LISTED RECORDS —
★ ★ ★ ★
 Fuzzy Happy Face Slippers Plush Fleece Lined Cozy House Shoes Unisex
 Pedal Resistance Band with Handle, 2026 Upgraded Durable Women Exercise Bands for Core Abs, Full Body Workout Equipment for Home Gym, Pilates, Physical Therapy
★ ★ ★ ★
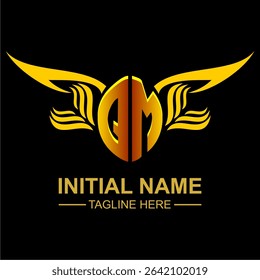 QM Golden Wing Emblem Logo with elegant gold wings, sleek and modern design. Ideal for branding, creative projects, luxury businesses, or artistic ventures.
★ ★ ★ ★
PROBLEM STATEMENT — Using the data above, repeat exactly the lines that begin at the line with "Fuzzy Happy Face" and end at the line with "Pedal Resistance Band", both ends included.

SOLUTION TO THE EXERCISE —
 Fuzzy Happy Face Slippers Plush Fleece Lined Cozy House Shoes Unisex
 Pedal Resistance Band with Handle, 2026 Upgraded Durable Women Exercise Bands for Core Abs, Full Body Workout Equipment for Home Gym, Pilates, Physical Therapy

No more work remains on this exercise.